(ABOUT THIS EXERCISE)
A word-for-word copy is needed of the line containing "Drink inside a" and every line after it through the end of the records below, leaving out all pictures.

Excerpts from a dataset:
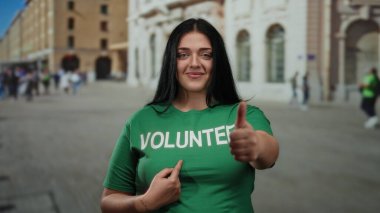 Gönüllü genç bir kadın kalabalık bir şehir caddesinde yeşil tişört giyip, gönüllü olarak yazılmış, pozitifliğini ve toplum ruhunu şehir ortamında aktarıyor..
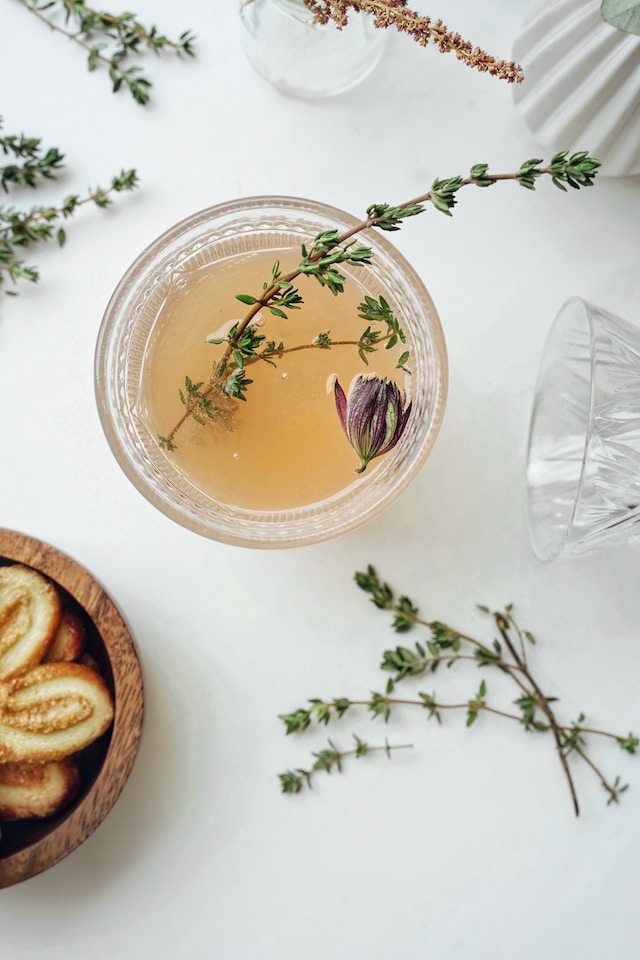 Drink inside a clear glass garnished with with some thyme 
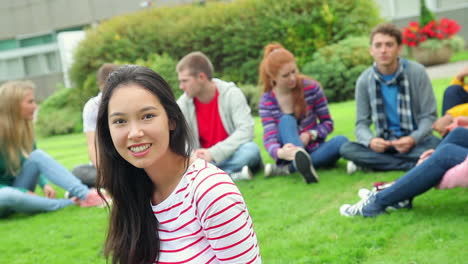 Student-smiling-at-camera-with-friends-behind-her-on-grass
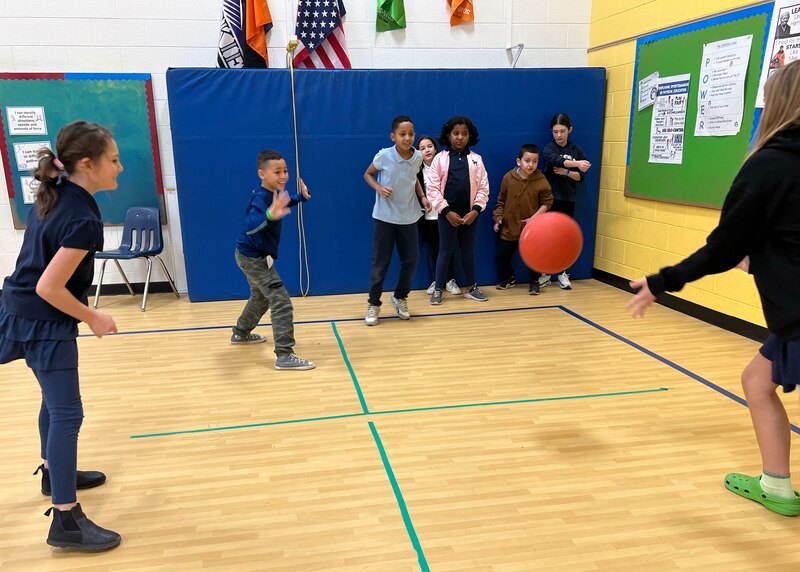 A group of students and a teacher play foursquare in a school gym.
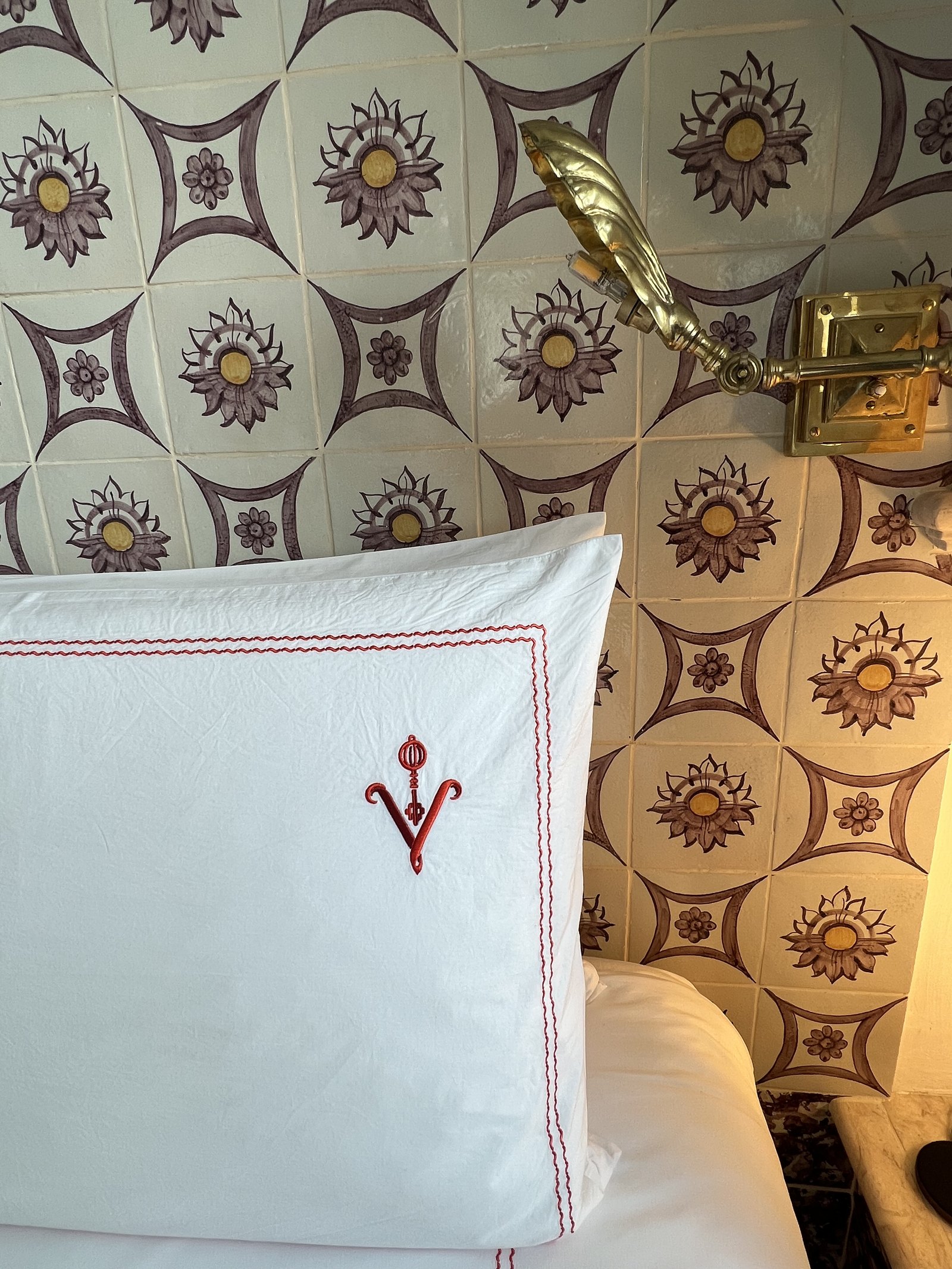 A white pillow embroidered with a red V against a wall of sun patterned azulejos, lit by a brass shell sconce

(ANSWER BOX)
 Drink inside a clear glass garnished with with some thyme 
 Student-smiling-at-camera-with-friends-behind-her-on-grass
 A group of students and a teacher play foursquare in a school gym.
 A white pillow embroidered with a red V against a wall of sun patterned azulejos, lit by a brass shell sconce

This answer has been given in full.